Exercise requirements => The lines below, from the one holding "For Sale: $399,995" through the one holding "RENAULT CLIO 0.9 TCe SPORTOUR SW - 2013", are to be restated word for word, with all images left out.

Provided data =>
● ● ●

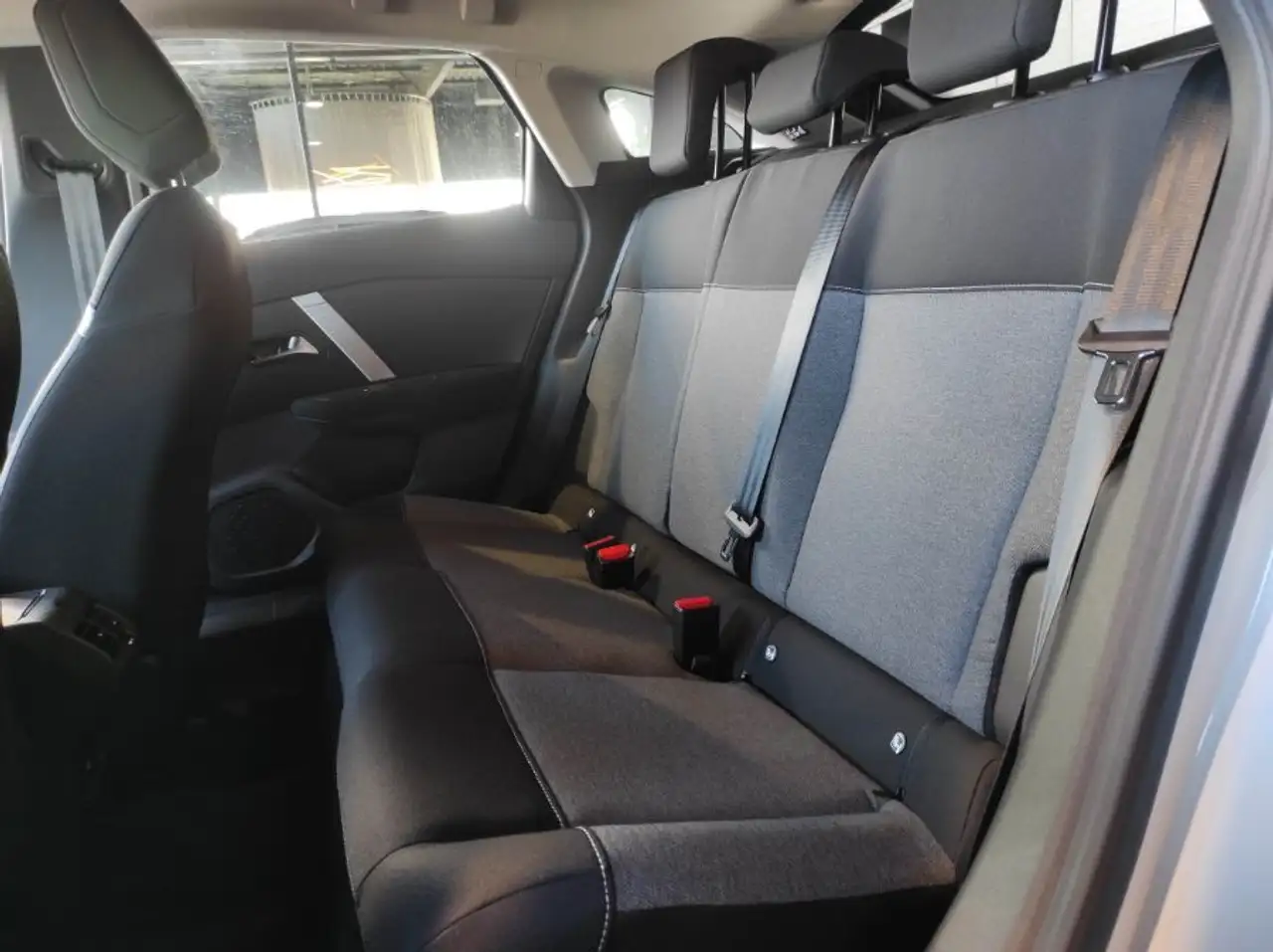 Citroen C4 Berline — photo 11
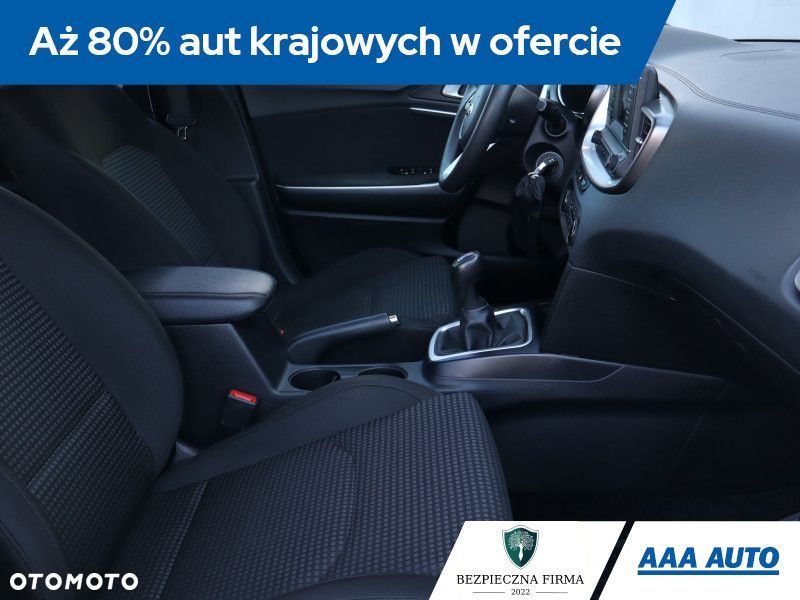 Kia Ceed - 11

● ● ●

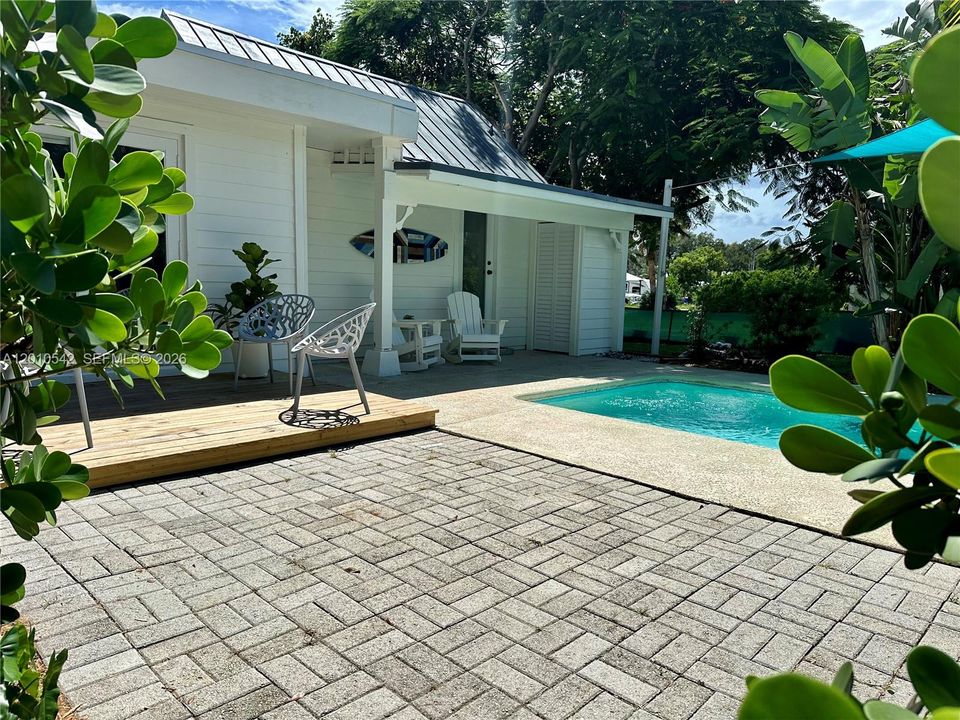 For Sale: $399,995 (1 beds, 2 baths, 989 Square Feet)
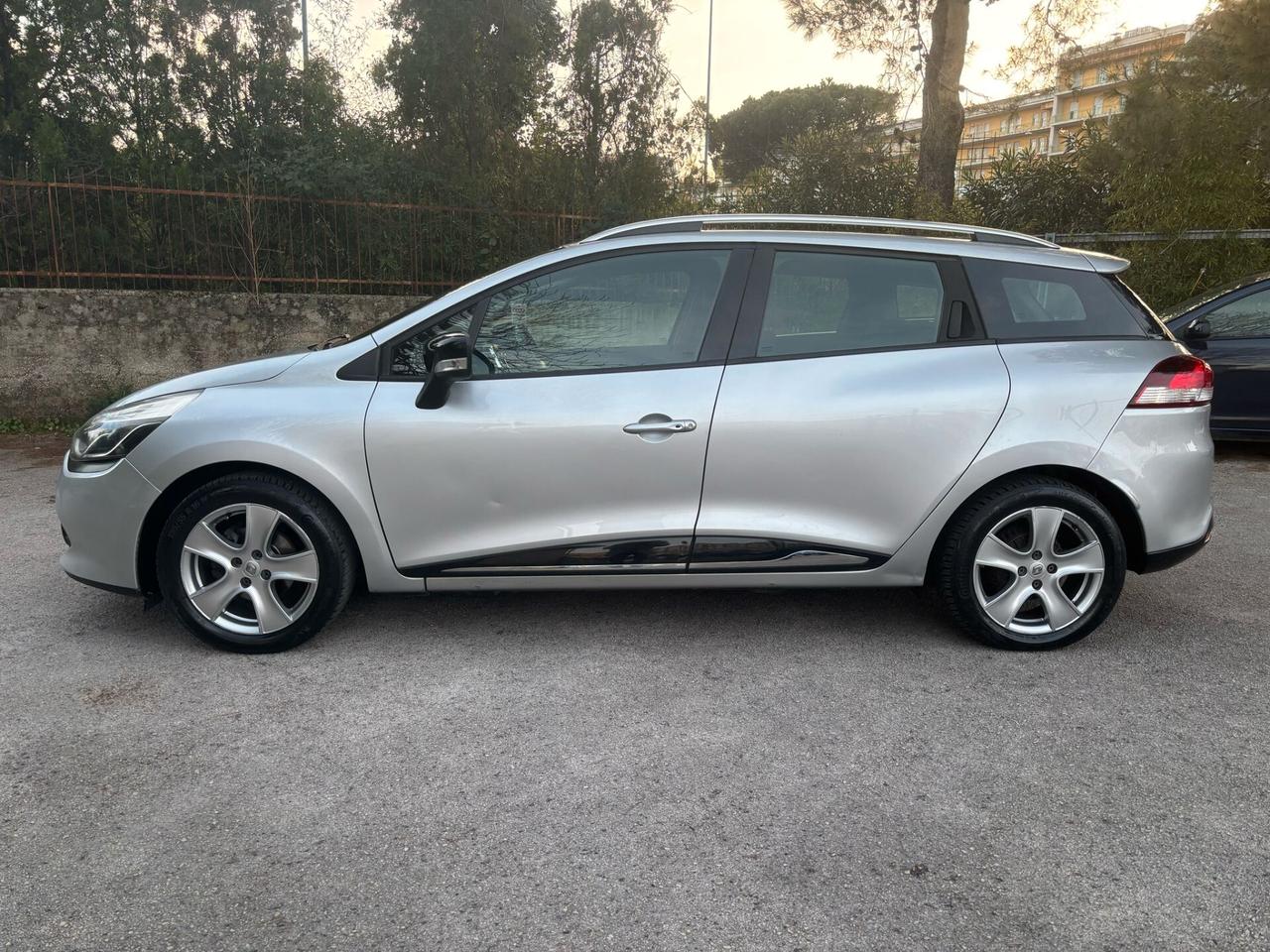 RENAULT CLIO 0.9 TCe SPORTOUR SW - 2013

● ● ●

Task answer =>
 For Sale: $399,995 (1 beds, 2 baths, 989 Square Feet)
 RENAULT CLIO 0.9 TCe SPORTOUR SW - 2013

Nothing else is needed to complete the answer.